CS186, UC Berkeley, Spring 2016

Parts 1, 2 Due: Thursday Feb 25, 2016, 11:59 PM

Parts 3, 4 Due: Friday Mar 4, 2016, 11:59 PM

Note: This homework is to be done individually!

Part 0: Introductions

Review and Exploration

If you haven't already, peruse the discussion notebook as a refresher on iterators, generators, and lambdas. You don't have to do this, but familiarity will make your life significantly easier :)

Spark and Distributed Dataflow

Database systems compile SQL expressions down to an extended relational algebra composed of operators. These operators are then instantiated in a simple iterator model, where each operator implements an iterator interface.

The Spark framework implements this idea in the distributed setting. Spark is built around the Resilient Distributed Dataset (RDD), which can be thought of as a view on some underlying data source.

Consider the following example:

# sc is the SparkContext and it is created at startup.
# Make an RDD containing integers 0 to 9
rdd = sc.parallelize(range(10))
# Make an RDD containing integers 1 to 10
rdd2 = rdd.map(lambda x: x + 1)
# Make an RDD containing tuples
rddL = rdd2.map(lambda x: (x, str(x)))
rddR = rdd2.map(lambda x: (x, float(x)))
joinedRDD = rddL.join(rddR)

In the first line we build an RDD over the integers 0 to 9 using the SparkContext sc. We then apply transformations and even express a join of two rdds based on their keys, defined as the first element in the tuples (k,v).

It is important to note that RDDs are immutable so each transformation is just another view on the transformation before it (are you starting to see the dataflow?).

Just like views, these define transformations on top of transformations but don't actually execute any computation.
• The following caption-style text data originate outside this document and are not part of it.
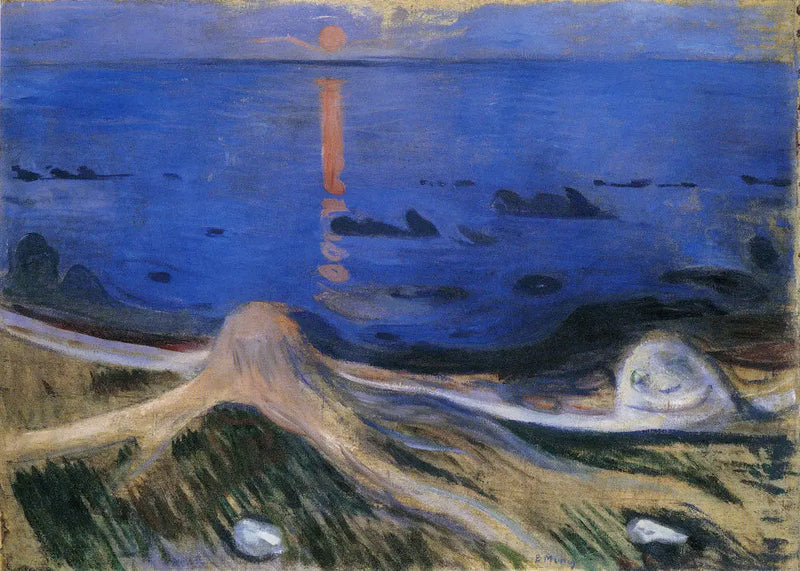 Mystery on the Bank - Edvard Munch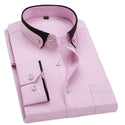 Men Long Sleeved Fancy Dress Shirt-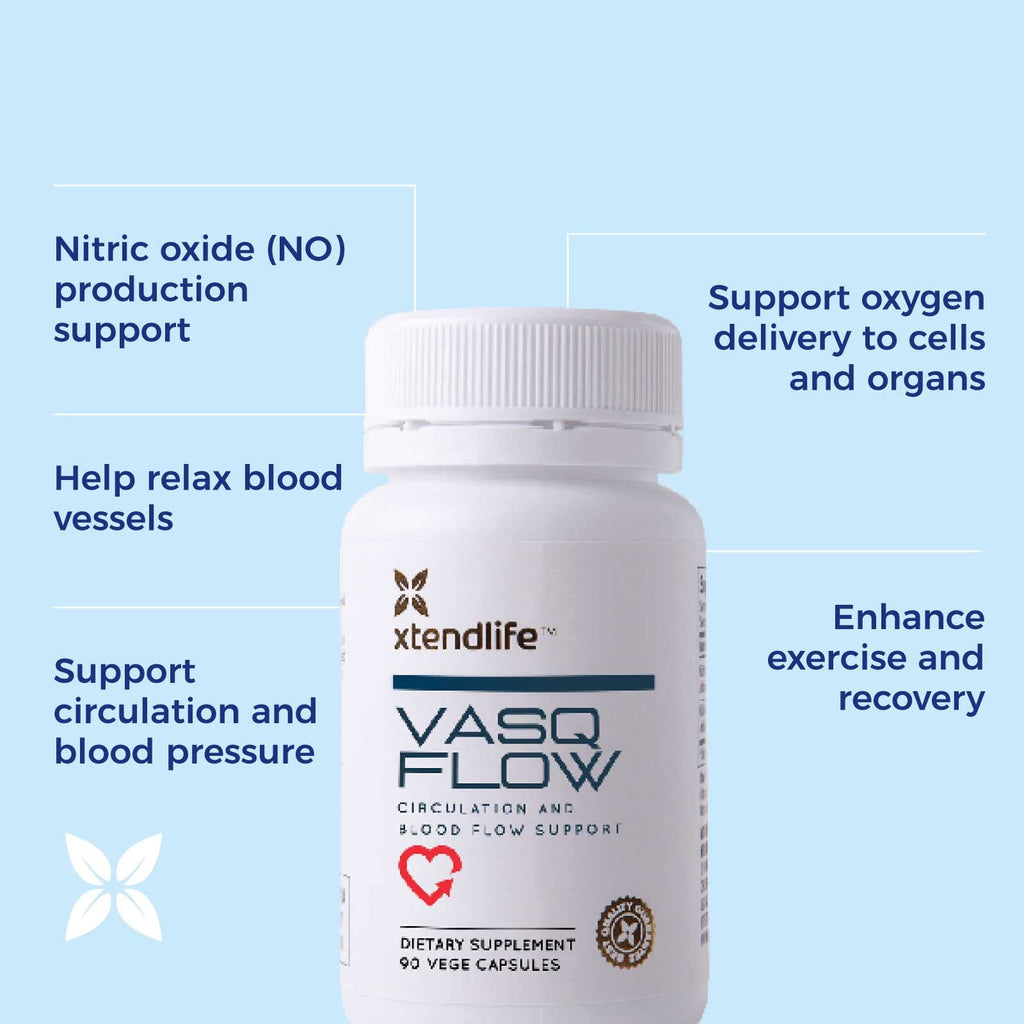 Xtendlife VasQFlow Nitric Oxide Supplement - 90 Capsules - image 6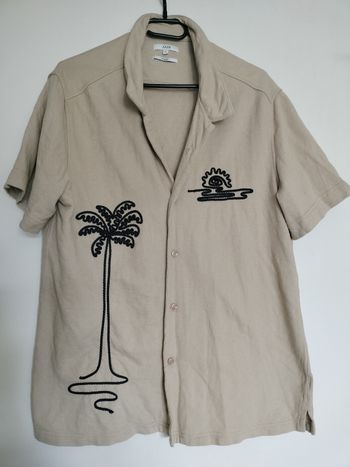 Chemise beige regular homme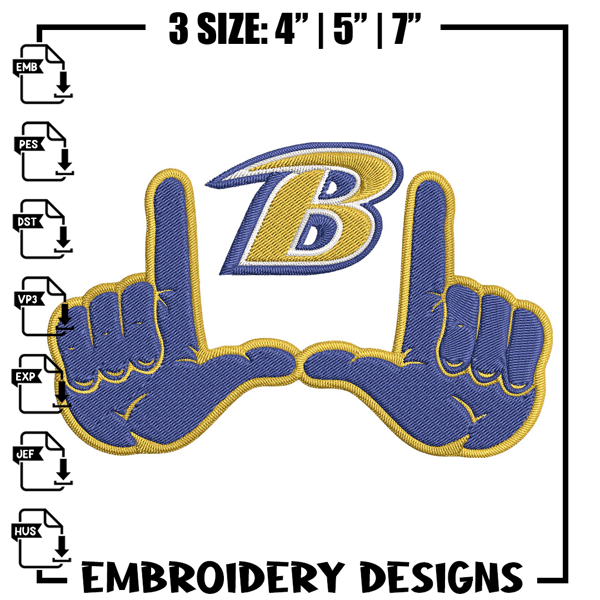 Baltimore Ravens Hand embroidery design, Ravens embroidery, NFL embroidery, sport embroidery, embroidery design..jpg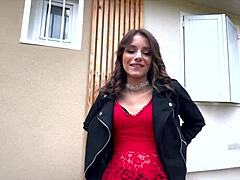 Ariana 22Ans Handles Two Big Cocks In First French Mmf Trio.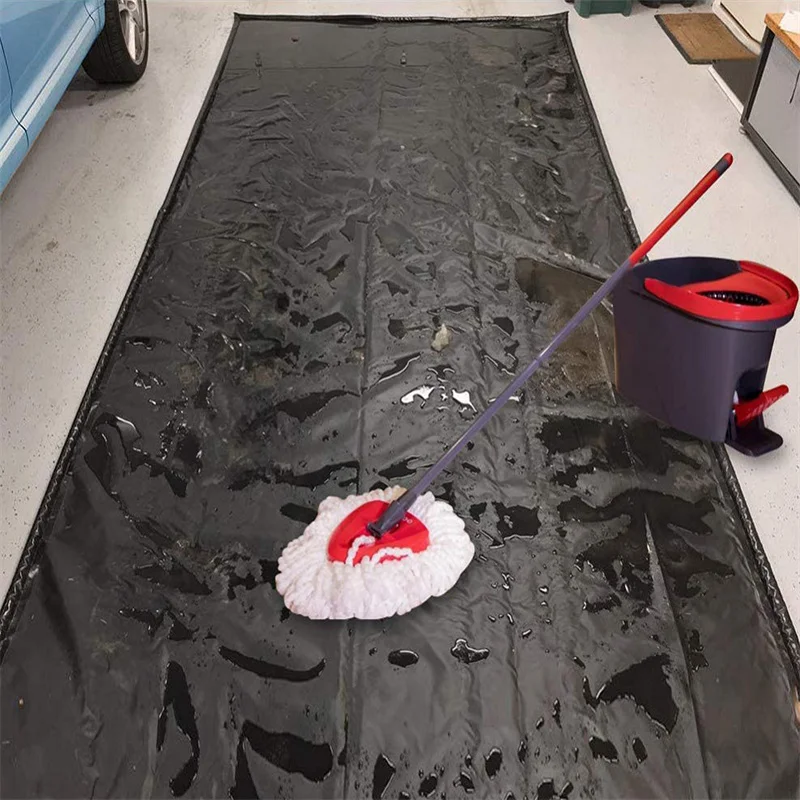 Low Cost AutomotiveGarage Containment Mat for Car Showroom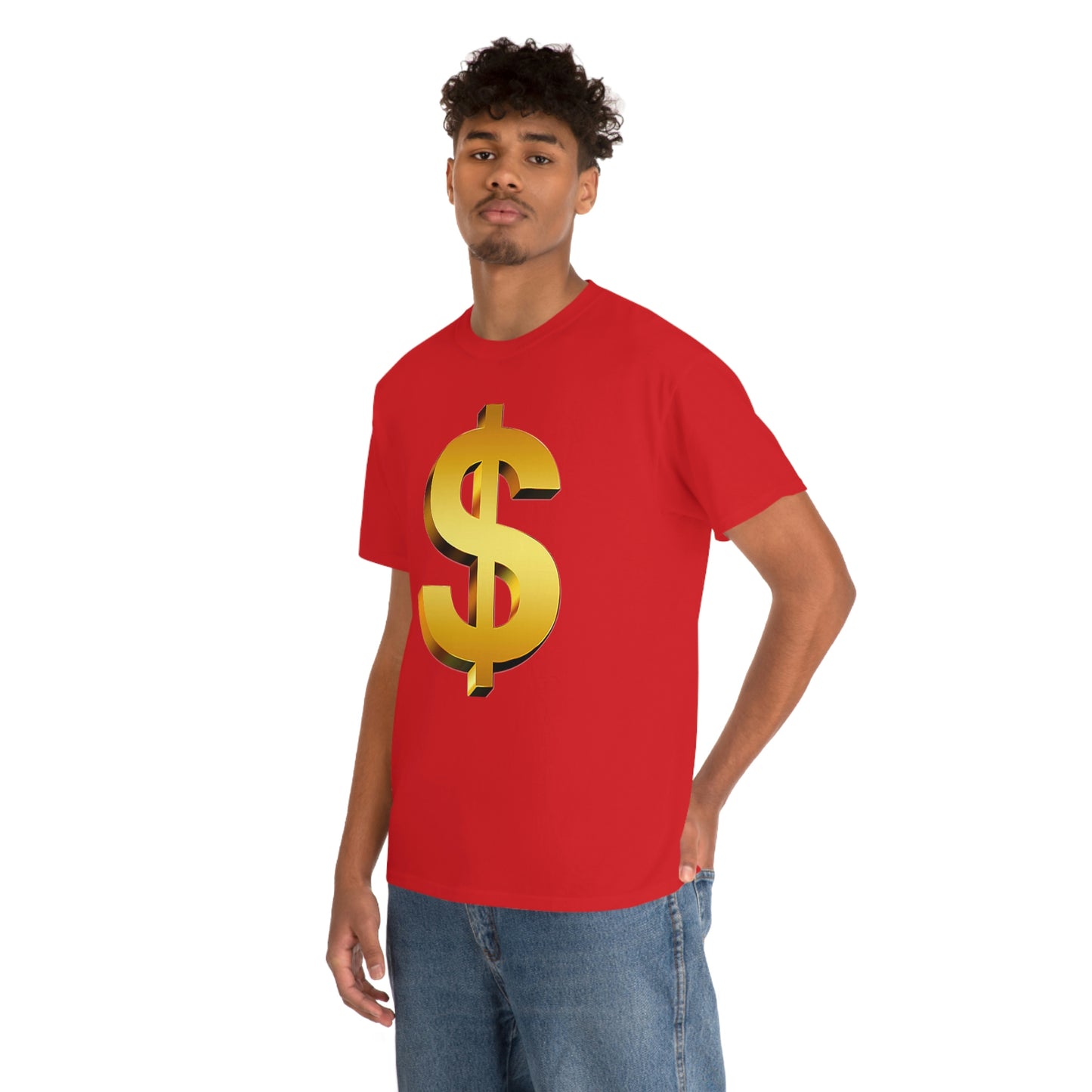 Bling Money Cash My Money Folds Unisex Heavy Cotton Tee Bills cash currency bucks coin funds gold dollar C-note big shot deep pocket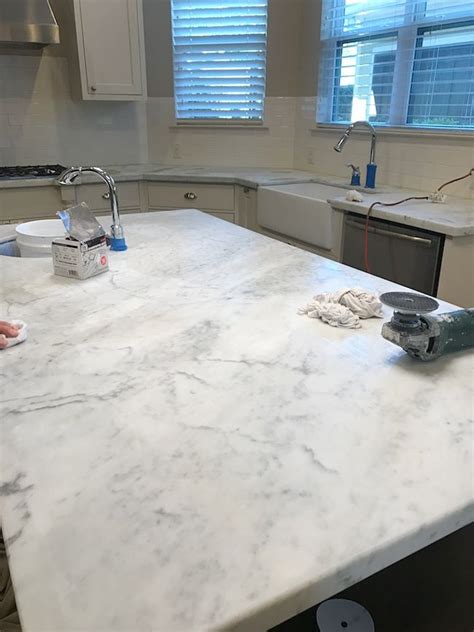 Restoring Our Marble Counters Marble Counter Marble Countertops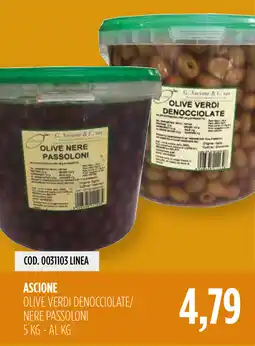 Carico Cash & Carry Ascione olive verdi denocciolate/nere passoloni offerta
To execute this query and read the result we would need to apply an action like joinedRDD.collect() which would force data to flow through all the views and return the result of the computation as a python list.**

**Caution: Spark is LAZY

To reiterate the above, most RDD operations are lazy; they define transformations (views) without executing those transformations. For example, the following block of code will return instantly:

rdd = sc.parallelize(range(1000)).map(lambda x: fibonacci(x))

It is not until you then run:

results = rdd.collect()

that you realize you wrote a very slow program or that you might have a bug in fibonacci. If you are ever wondering what your rdd contains, remember to experiment with rdd.collect() or rdd.take(). In fact, the only operations that will actually trigger computation are:

rdd.collect()
rdd.take(anInteger)
rdd.count() # a great way to execute your rdd
rdd.foreach(aFunctionThatReturnsNothing)

Iterators and Partitions

As we mentioned above, Spark follows the basic distributed iterator model at its foundation.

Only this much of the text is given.